ダイナースについても年会費が非常に高額なだけでなく、公共料金や税金などの支払いをするとき、還元率が半分(還元率0.5%)に下がってしまいます。非常にデメリットが大きいため、特別な理由がない限りはJCBで全日空の法人カードを作成するようにしましょう。
発行するべきクレジットカードはワイドゴールドカード
このとき、ANA法人カードの中でどのクレジットカードが適しているのかというと、それはワイドゴールドカード(ANA JCB法人カード ワイドゴールド)になります。
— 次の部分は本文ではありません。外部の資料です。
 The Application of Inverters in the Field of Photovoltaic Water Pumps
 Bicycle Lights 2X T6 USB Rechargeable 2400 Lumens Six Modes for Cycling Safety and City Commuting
全日空が発行するクレジットカードにも関わらず、ANA法人カードで貯めたポイントをマイルに変換するためには移行手数料が必要になります。移行手数料は意外と高く5,000円です。ただ、ワイドゴールドカードであれば移行手数料は無料です。
- 一般カード:移行手数料5,000円
- ワイドカード:移行手数料5,000円
- ワイドゴールドカード:移行手数料無料
年会費だけを考えると、ANA JCB法人カード ワイドゴールドは年間20,900円(税込)と高めです。ただ移行手数料は無料ですし、利用限度額などまで含めるとANA JCB法人カード ワイドゴールドの一択になります。
・フライトボーナスもある
また、ANA JCB法人カード ワイドゴールドであるとフライトボーナスがあります。つまり、ワイドゴールドカードで決済することにより、「実際に飛行機に搭乗したときに付与されるポイント」に加えて、さらにボーナスマイルがあるのです。
このときのフライトボーナスは以下になります。
- 区間基本マイレージ×クラス・運賃倍率×25%
ANA JCB法人カード ワイドゴールドを利用して航空券を購入し、搭乗すればその分だけ付与されるマイルが多くなります。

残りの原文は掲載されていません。